New electrostatic concept keeps panels clean while conserving resources
One concern we often hear from homeowners who are first learning about solar is that solar panels will require difficult cleaning and maintenance in order to operate at full efficiency. Nobody likes the idea of having to climb up on their roof on a regular basis to clean their solar panels! Fortunately, those concerns are largely unfounded – an occasional quick spray with a good hose from ground level is all the “maintenance” most rooftop residential solar installs need.
For ground-mounted solar panels, cleaning is a bit more of a concern. Although ground-mounted panels, like rooftop ones, are typically mounted at an angle which allows debris such as fallen leaves to slide off, buildup of dust and dirt is inevitably more prevalent. In a relatively small, residential system, this may seem like no big deal. For utility-scale solar installations that use acres of ground-mounted panels, it’s a different story. Cleaning takes on even greater significance when we consider the fact that many large-scale ground-mount solar “farms” are located in desert areas where sunlight is abundant, but dust is as well – while water for cleaning panels is obviously scarce.
Researchers at MIT are working on one possible solution to the problem of keeping ground-mounted solar panels clean without having to invest so much in labor and resources that it compromises solar’s eco-friendly impact. Their system is based on the principle of electrostatic repulsion. By imparting a positive electric charge to the particles of dust which accumulate on a solar panel’s surface, and a negative charge to the panel itself, the system causes the dust to simply lift away without the need for spraying or scrubbing.
Cleaning solar panels currently uses billions of gallons of water every year – enough to supply drinking water, it’s estimated, for 2 billion people. Worse, in desert areas, all of that water has to be trucked in from a long distance away. Perfecting a water-less cleaning system that could be applied to even a fraction of the ground-mount solar panels currently in use would allow that water to be redirected to other uses.

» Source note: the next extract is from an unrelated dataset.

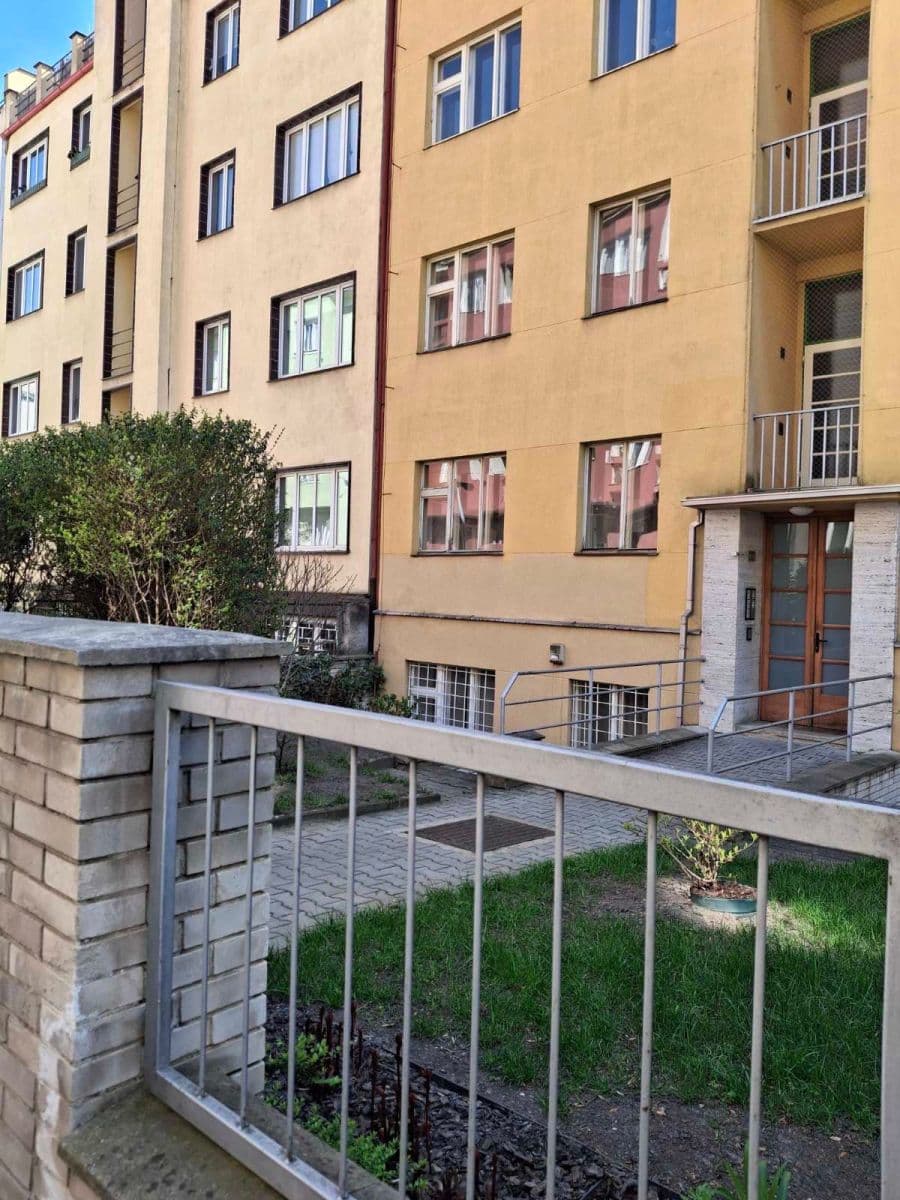 Prenájom bytu 1-izbový 24 m², V Horní Stromce, Praha, Praha Prenájom bytu 1-izbový 24 m², V Horní Stromce, Praha, Praha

With solar panel technology having reached a high level of maturity, much of the research in the solar space is focused on ways to make utilizing solar technology on a large scale easier. Although panel technology itself will continue to improve in areas like efficiency, finding ways to reduce the amount of resources needed to deploy and maintain solar could unlock much more potential. Keeping ground-mount solar panels in large-scale installations clean without having to transport and expend precious water is one way that solar can have an even greater positive sustainability impact.